● **Aim of the exercise**
What you output must match the entries exactly, apart from the pictures, which are left out.

● **Data to process**
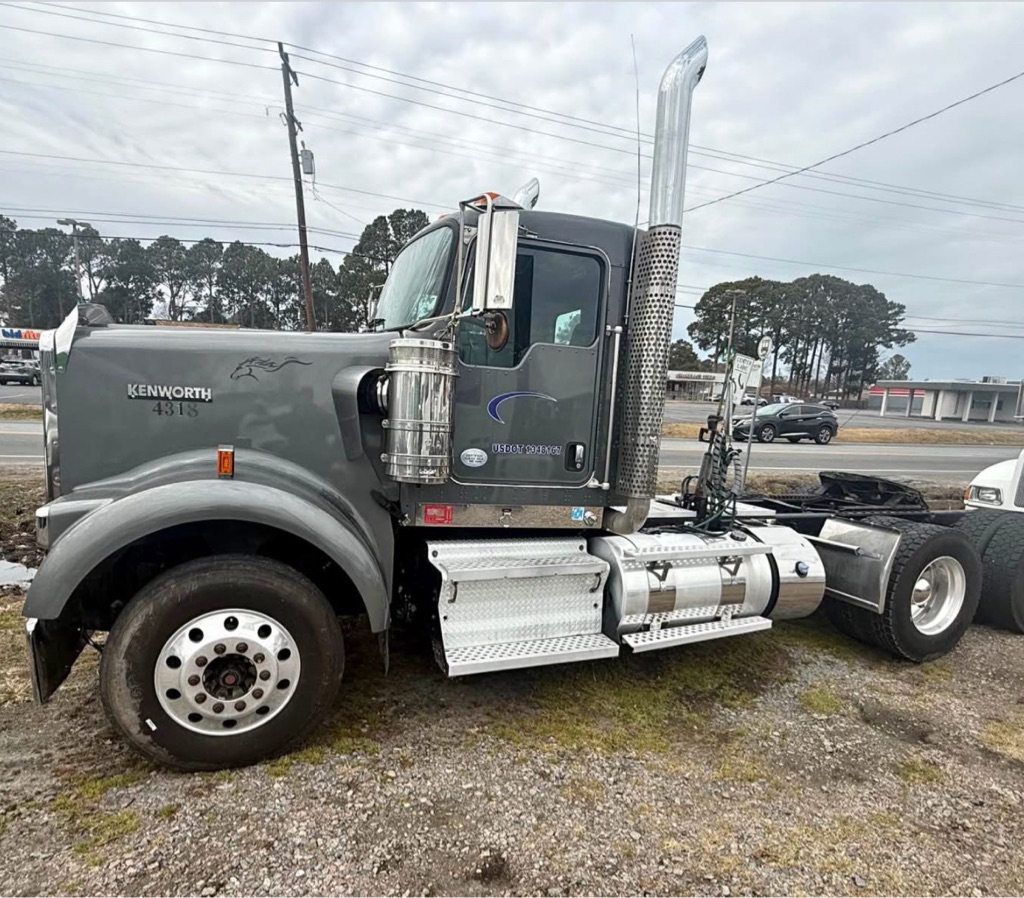 2013 KENWORTH W900
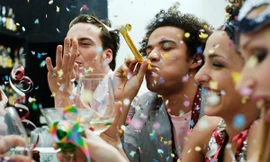 Nhân viên không thích tiệc sinh nhật mà sếp vẫn tổ chức cho, kết quả là sếp phải đền 10 tỷ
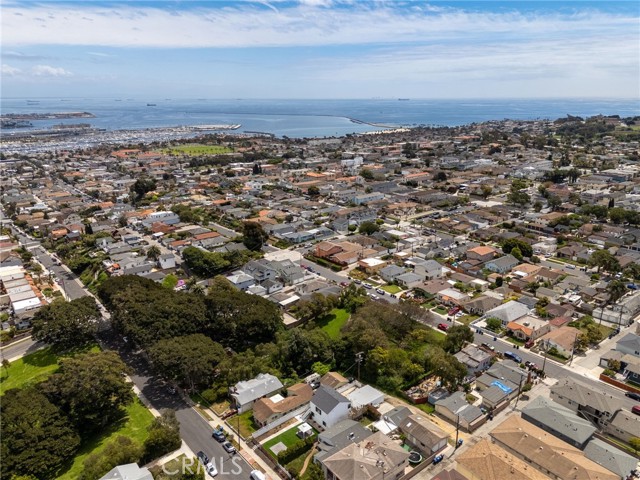 961 W 21st, San Pedro CA: https://media.crmls.org/medias/7d328be5-9629-4a31-b91b-b9ac1f04a02d.jpg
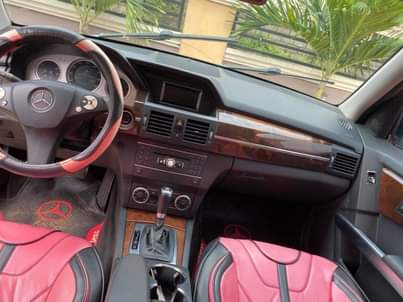 A picture of 2010 Mercedes Benz GLK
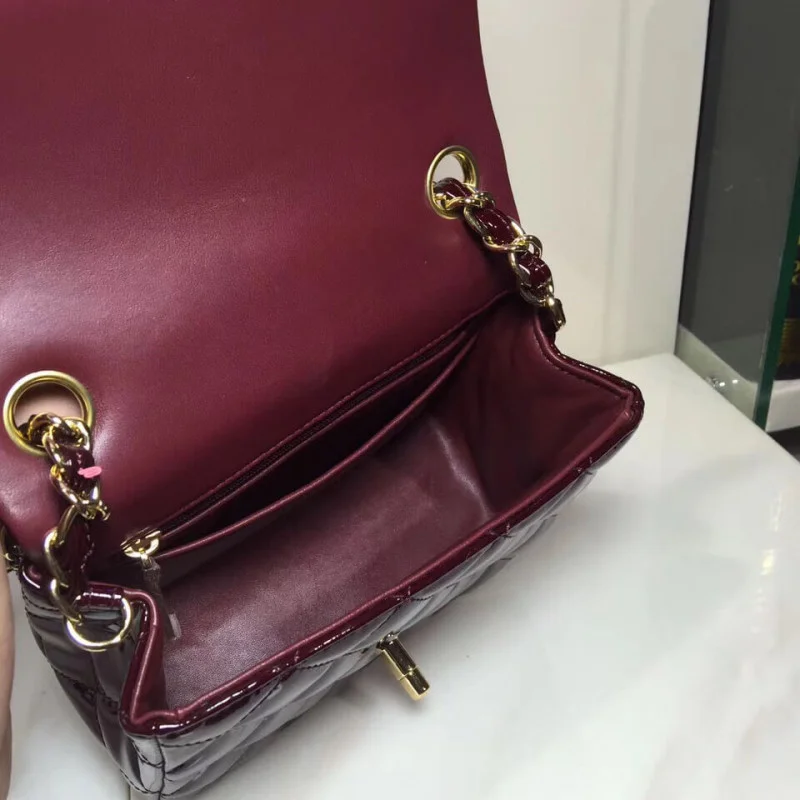 Chanel Pantent Leather 17Cm Class-Flap Bag 1115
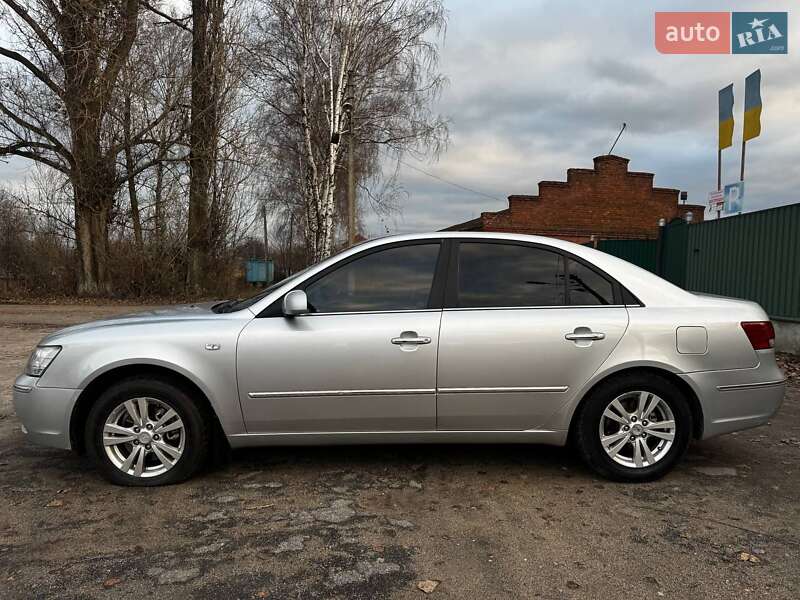 Седан Hyundai Sonata 2009 в Ахтырке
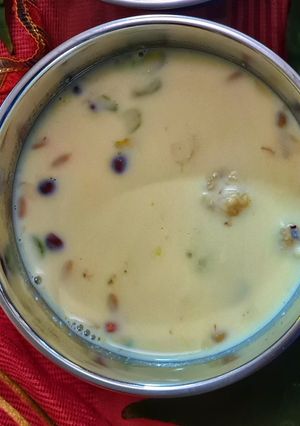 ड्राई फ्रूट खीर (Dry Fruit Kheer Recipe in Hindi) रेसिपी मुख्य फोटो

● **Response below**
 2013 KENWORTH W900
 Nhân viên không thích tiệc sinh nhật mà sếp vẫn tổ chức cho, kết quả là sếp phải đền 10 tỷ
 961 W 21st, San Pedro CA: https://media.crmls.org/medias/7d328be5-9629-4a31-b91b-b9ac1f04a02d.jpg
 A picture of 2010 Mercedes Benz GLK
 Chanel Pantent Leather 17Cm Class-Flap Bag 1115
 Седан Hyundai Sonata 2009 в Ахтырке
 ड्राई फ्रूट खीर (Dry Fruit Kheer Recipe in Hindi) रेसिपी मुख्य फोटो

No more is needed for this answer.